◆ **Task item**:
Reproduce each record exactly, leaving out no line.
Entries shown below:
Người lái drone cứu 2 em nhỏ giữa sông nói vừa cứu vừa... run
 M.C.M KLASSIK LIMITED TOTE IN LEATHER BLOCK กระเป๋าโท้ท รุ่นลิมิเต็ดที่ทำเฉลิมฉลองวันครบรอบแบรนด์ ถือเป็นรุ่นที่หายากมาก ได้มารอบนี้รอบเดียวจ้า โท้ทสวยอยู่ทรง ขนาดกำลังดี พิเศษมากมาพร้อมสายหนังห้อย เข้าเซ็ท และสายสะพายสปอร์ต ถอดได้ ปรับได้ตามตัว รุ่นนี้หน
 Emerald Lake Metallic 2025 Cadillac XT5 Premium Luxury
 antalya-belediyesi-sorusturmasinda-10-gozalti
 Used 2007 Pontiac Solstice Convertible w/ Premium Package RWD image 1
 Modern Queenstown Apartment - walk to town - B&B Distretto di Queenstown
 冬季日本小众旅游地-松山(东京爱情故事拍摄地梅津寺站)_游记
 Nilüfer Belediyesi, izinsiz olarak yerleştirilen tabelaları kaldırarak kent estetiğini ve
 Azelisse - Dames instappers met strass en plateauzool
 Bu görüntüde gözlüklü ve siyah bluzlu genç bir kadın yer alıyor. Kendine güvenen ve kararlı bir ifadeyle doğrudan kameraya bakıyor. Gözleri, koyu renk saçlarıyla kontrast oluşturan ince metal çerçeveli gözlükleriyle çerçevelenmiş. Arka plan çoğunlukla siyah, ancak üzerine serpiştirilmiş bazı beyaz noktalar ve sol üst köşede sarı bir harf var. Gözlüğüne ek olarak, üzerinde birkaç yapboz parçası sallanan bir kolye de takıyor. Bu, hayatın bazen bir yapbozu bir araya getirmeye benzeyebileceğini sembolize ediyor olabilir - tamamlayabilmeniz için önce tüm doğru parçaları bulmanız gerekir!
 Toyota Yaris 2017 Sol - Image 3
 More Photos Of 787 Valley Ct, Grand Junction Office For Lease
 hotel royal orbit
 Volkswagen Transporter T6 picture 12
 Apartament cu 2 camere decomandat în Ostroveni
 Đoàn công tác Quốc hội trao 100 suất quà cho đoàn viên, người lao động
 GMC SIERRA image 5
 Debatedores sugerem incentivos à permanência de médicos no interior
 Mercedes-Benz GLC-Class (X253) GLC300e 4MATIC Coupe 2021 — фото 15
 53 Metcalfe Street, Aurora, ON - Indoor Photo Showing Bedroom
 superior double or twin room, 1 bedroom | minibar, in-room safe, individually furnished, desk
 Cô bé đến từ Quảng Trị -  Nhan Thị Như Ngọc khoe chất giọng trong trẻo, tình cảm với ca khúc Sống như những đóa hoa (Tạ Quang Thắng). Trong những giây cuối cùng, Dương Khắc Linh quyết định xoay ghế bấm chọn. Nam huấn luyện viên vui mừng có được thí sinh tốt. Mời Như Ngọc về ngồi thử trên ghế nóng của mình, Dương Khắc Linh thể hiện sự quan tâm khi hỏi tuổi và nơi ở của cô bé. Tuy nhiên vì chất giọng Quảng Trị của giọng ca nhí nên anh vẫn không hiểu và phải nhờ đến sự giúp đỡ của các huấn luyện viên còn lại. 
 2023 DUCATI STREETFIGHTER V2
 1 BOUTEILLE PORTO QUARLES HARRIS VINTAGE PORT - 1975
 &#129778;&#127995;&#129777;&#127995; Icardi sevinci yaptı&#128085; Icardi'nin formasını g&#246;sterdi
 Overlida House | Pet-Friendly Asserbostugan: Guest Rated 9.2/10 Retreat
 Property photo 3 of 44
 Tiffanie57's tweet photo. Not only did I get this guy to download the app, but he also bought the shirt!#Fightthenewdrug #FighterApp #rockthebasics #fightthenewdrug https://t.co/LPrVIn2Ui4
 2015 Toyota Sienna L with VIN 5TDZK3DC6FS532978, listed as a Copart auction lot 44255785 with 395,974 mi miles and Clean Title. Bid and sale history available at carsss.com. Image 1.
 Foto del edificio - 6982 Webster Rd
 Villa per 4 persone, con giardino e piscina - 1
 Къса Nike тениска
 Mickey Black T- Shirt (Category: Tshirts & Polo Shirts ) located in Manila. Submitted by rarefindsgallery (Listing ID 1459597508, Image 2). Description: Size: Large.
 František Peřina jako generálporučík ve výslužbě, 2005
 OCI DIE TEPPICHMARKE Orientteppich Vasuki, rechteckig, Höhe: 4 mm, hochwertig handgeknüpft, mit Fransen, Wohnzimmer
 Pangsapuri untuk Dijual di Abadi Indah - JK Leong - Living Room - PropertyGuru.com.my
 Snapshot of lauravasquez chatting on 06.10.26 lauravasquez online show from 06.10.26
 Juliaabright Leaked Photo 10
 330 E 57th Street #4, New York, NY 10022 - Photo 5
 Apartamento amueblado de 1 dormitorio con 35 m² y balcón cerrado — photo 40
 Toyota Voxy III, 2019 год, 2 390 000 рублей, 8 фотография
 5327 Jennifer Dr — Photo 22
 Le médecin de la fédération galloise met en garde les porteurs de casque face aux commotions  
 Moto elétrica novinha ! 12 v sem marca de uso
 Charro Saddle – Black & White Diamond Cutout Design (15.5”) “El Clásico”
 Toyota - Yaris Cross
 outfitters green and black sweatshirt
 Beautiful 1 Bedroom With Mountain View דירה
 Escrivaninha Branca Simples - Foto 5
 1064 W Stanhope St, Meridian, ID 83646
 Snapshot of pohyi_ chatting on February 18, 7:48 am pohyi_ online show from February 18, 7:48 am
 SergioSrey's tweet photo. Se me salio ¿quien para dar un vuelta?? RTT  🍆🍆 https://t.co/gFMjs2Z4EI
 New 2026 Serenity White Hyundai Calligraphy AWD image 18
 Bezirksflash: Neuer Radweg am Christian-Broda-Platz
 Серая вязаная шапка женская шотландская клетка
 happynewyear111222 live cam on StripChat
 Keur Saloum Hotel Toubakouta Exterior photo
End of Entries shown.
◆ **Written response**:
Người lái drone cứu 2 em nhỏ giữa sông nói vừa cứu vừa... run
 M.C.M KLASSIK LIMITED TOTE IN LEATHER BLOCK กระเป๋าโท้ท รุ่นลิมิเต็ดที่ทำเฉลิมฉลองวันครบรอบแบรนด์ ถือเป็นรุ่นที่หายากมาก ได้มารอบนี้รอบเดียวจ้า โท้ทสวยอยู่ทรง ขนาดกำลังดี พิเศษมากมาพร้อมสายหนังห้อย เข้าเซ็ท และสายสะพายสปอร์ต ถอดได้ ปรับได้ตามตัว รุ่นนี้หน
 Emerald Lake Metallic 2025 Cadillac XT5 Premium Luxury
 antalya-belediyesi-sorusturmasinda-10-gozalti
 Used 2007 Pontiac Solstice Convertible w/ Premium Package RWD image 1
 Modern Queenstown Apartment - walk to town - B&B Distretto di Queenstown
 冬季日本小众旅游地-松山(东京爱情故事拍摄地梅津寺站)_游记
 Nilüfer Belediyesi, izinsiz olarak yerleştirilen tabelaları kaldırarak kent estetiğini ve
 Azelisse - Dames instappers met strass en plateauzool
 Bu görüntüde gözlüklü ve siyah bluzlu genç bir kadın yer alıyor. Kendine güvenen ve kararlı bir ifadeyle doğrudan kameraya bakıyor. Gözleri, koyu renk saçlarıyla kontrast oluşturan ince metal çerçeveli gözlükleriyle çerçevelenmiş. Arka plan çoğunlukla siyah, ancak üzerine serpiştirilmiş bazı beyaz noktalar ve sol üst köşede sarı bir harf var. Gözlüğüne ek olarak, üzerinde birkaç yapboz parçası sallanan bir kolye de takıyor. Bu, hayatın bazen bir yapbozu bir araya getirmeye benzeyebileceğini sembolize ediyor olabilir - tamamlayabilmeniz için önce tüm doğru parçaları bulmanız gerekir!
 Toyota Yaris 2017 Sol - Image 3
 More Photos Of 787 Valley Ct, Grand Junction Office For Lease
 hotel royal orbit
 Volkswagen Transporter T6 picture 12
 Apartament cu 2 camere decomandat în Ostroveni
 Đoàn công tác Quốc hội trao 100 suất quà cho đoàn viên, người lao động
 GMC SIERRA image 5
 Debatedores sugerem incentivos à permanência de médicos no interior
 Mercedes-Benz GLC-Class (X253) GLC300e 4MATIC Coupe 2021 — фото 15
 53 Metcalfe Street, Aurora, ON - Indoor Photo Showing Bedroom
 superior double or twin room, 1 bedroom | minibar, in-room safe, individually furnished, desk
 Cô bé đến từ Quảng Trị -  Nhan Thị Như Ngọc khoe chất giọng trong trẻo, tình cảm với ca khúc Sống như những đóa hoa (Tạ Quang Thắng). Trong những giây cuối cùng, Dương Khắc Linh quyết định xoay ghế bấm chọn. Nam huấn luyện viên vui mừng có được thí sinh tốt. Mời Như Ngọc về ngồi thử trên ghế nóng của mình, Dương Khắc Linh thể hiện sự quan tâm khi hỏi tuổi và nơi ở của cô bé. Tuy nhiên vì chất giọng Quảng Trị của giọng ca nhí nên anh vẫn không hiểu và phải nhờ đến sự giúp đỡ của các huấn luyện viên còn lại. 
 2023 DUCATI STREETFIGHTER V2
 1 BOUTEILLE PORTO QUARLES HARRIS VINTAGE PORT - 1975
 &#129778;&#127995;&#129777;&#127995; Icardi sevinci yaptı&#128085; Icardi'nin formasını g&#246;sterdi
 Overlida House | Pet-Friendly Asserbostugan: Guest Rated 9.2/10 Retreat
 Property photo 3 of 44
 Tiffanie57's tweet photo. Not only did I get this guy to download the app, but he also bought the shirt!#Fightthenewdrug #FighterApp #rockthebasics #fightthenewdrug https://t.co/LPrVIn2Ui4
 2015 Toyota Sienna L with VIN 5TDZK3DC6FS532978, listed as a Copart auction lot 44255785 with 395,974 mi miles and Clean Title. Bid and sale history available at carsss.com. Image 1.
 Foto del edificio - 6982 Webster Rd
 Villa per 4 persone, con giardino e piscina - 1
 Къса Nike тениска
 Mickey Black T- Shirt (Category: Tshirts & Polo Shirts ) located in Manila. Submitted by rarefindsgallery (Listing ID 1459597508, Image 2). Description: Size: Large.
 František Peřina jako generálporučík ve výslužbě, 2005
 OCI DIE TEPPICHMARKE Orientteppich Vasuki, rechteckig, Höhe: 4 mm, hochwertig handgeknüpft, mit Fransen, Wohnzimmer
 Pangsapuri untuk Dijual di Abadi Indah - JK Leong - Living Room - PropertyGuru.com.my
 Snapshot of lauravasquez chatting on 06.10.26 lauravasquez online show from 06.10.26
 Juliaabright Leaked Photo 10
 330 E 57th Street #4, New York, NY 10022 - Photo 5
 Apartamento amueblado de 1 dormitorio con 35 m² y balcón cerrado — photo 40
 Toyota Voxy III, 2019 год, 2 390 000 рублей, 8 фотография
 5327 Jennifer Dr — Photo 22
 Le médecin de la fédération galloise met en garde les porteurs de casque face aux commotions  
 Moto elétrica novinha ! 12 v sem marca de uso
 Charro Saddle – Black & White Diamond Cutout Design (15.5”) “El Clásico”
 Toyota - Yaris Cross
 outfitters green and black sweatshirt
 Beautiful 1 Bedroom With Mountain View דירה
 Escrivaninha Branca Simples - Foto 5
 1064 W Stanhope St, Meridian, ID 83646
 Snapshot of pohyi_ chatting on February 18, 7:48 am pohyi_ online show from February 18, 7:48 am
 SergioSrey's tweet photo. Se me salio ¿quien para dar un vuelta?? RTT  🍆🍆 https://t.co/gFMjs2Z4EI
 New 2026 Serenity White Hyundai Calligraphy AWD image 18
 Bezirksflash: Neuer Radweg am Christian-Broda-Platz
 Серая вязаная шапка женская шотландская клетка
 happynewyear111222 live cam on StripChat
 Keur Saloum Hotel Toubakouta Exterior photo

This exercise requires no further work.